Almost five centuries after Martin Luther protested against many practices of the Roman Catholic Church, the Vatican has held a consultation with two organizations representing mainstream Protestantism to discuss the issue of indulgences—a practice that contemporary Protestant theologians find perplexing, as Luther did.

The consultation on indulgences, held in Rome on February 9 and 10, brought together leading theologians representing the Vatican's Council for Promoting Christian Unity, the Lutheran World Federation (LWF), which represents 60 million of the world's 64 million Lutherans, and the World Alliance of Reformed Churches (WARC), which links 75 million Christians in 214 churches in 106 countries.

After the meeting, one key participant, Zimbabwean theologian Dr Ishmael Noko, the general secretary of the LWF, said that Luther's "nailing of the 95 theses, an event that many cite as the beginning of the Reformation, was a call by the young Luther, as a devout Catholic, to a debate about the 'power and efficacy of indulgences'. But the theological debate that he called for on October 31, 1517 never took place. I see the ecumenical consultation that has now taken place as a partial response to Luther's call of so many years ago."

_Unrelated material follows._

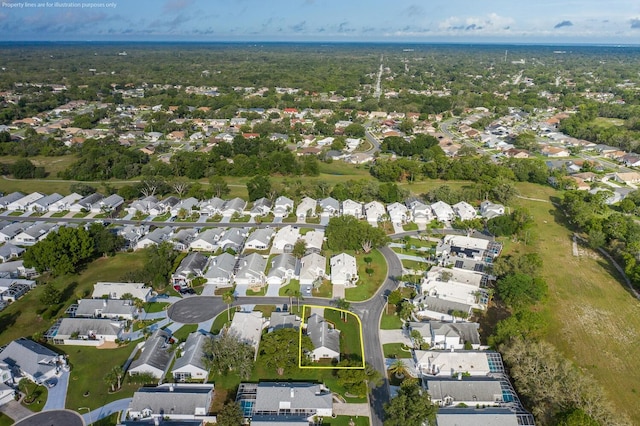 1084 Vista Fina Ct, Spring Hill, FL 34608 - aerial overview of property's location with nearby suburban area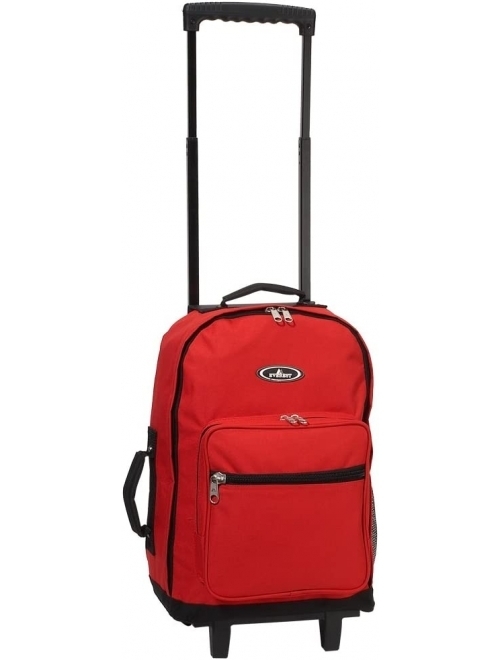 Everest Wheeled Backpack - Standard, Red, One Size,1045WH-RD/BK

Indulgences are not normally a dominant practice in the day-to-day life of most Roman Catholics. However, the publication by the Vatican in 1998 of a document on how the faithful could obtain plenary indulgences in the Catholic Church's jubilee year in 2000 reawakened long-standing differences about the issue. (Indulgences are made available by the church to Catholics in jubilee years, which are held every 25 years.)

The publication of the document prompted criticisms from Protestant churches ...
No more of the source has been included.